Saturday, June 03, 2006

Family Practice

(Part 3 of Stateside Healthcare: Art, Science, and Commerce?)

As one of the primary care fields, Family Practice (FP) has an important place in the healthcare delivery system. Its versatility of being able to diagnose and treat conditions classifiable under various specialties (seen during the elective rotation were cases falling under orthopedics, psychiatry, gynecology, internal medicine, pediatrics, ophthalmology, and minor surgery) gives it a role that allows patients to receive immediate care and not wait long for a specialist. In the event however that a condition proves to be beyond the training of the family practitioner, an educated referral is made, with the FP physician ordering preliminary diagnostics and administering basic treatment – easing the illness of the patient and the work that the specialist has to do.

There is of course the question of what differentiates a family practitioner from a general practitioner (GP). While a GP in essence has the same scope of patient age (from womb to tomb) with that of FP, the latter lays claim to post-graduate residency training of three years. Typically, the first year includes rotations in major medical disciplines with time for outpatient services; while the second and third years involve rotations in major specialty and subspecialty services and increased outpatient time . This gives FP practitioners familiarity with and experience on management of commonly encountered diseases, equipping them with the knowledge and skills to do primary care to patients of virtually any age. In underserved areas wherein certain specialties cannot be found, FP provides diagnosis and treatment (e.g. emergency appendectomy).
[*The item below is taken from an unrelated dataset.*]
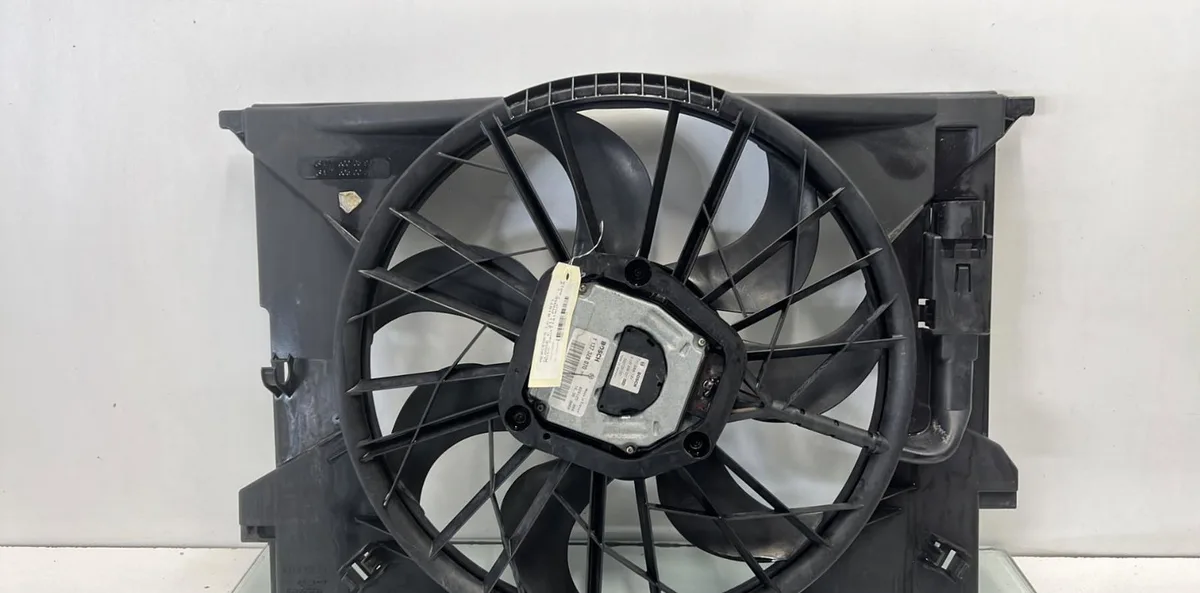 Ventilateur de refroidissement MERCEDES CLASSE E 211 PHASE 1 occasion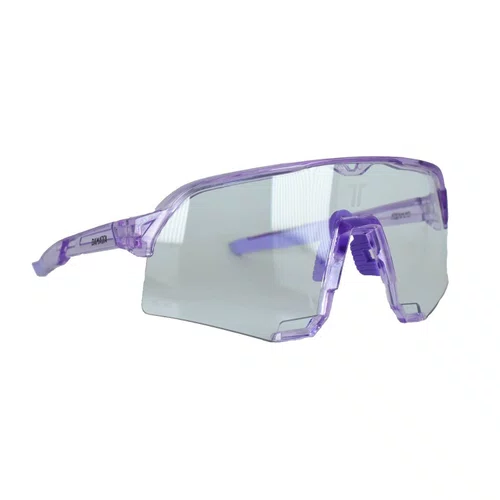 Óculos Esportivo Ciclismo Cadence DaMatta Fotocromático - Roxo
Alternative practices also abound for FP physicians. A 2001 essay in the American Academy of Family Physician (AAFP)’s publication Family Practice Management lists fourteen alternatives to the often construed outpatient practice style of the FP Physician: resort doctor, prison doctor, free-range physician , medical director, locum tenens , legislator, urgent care and emergency medicine, hospitalist , administrator, focused practices , public health and epidemiology, research, private business , and education. Considering individual practitioner variations, FP income on the average ranges from approximately US$ 140,000 to 163,000 (PHP 7.23 to 8.42 million, at US$1 = PHP51.65) per annum.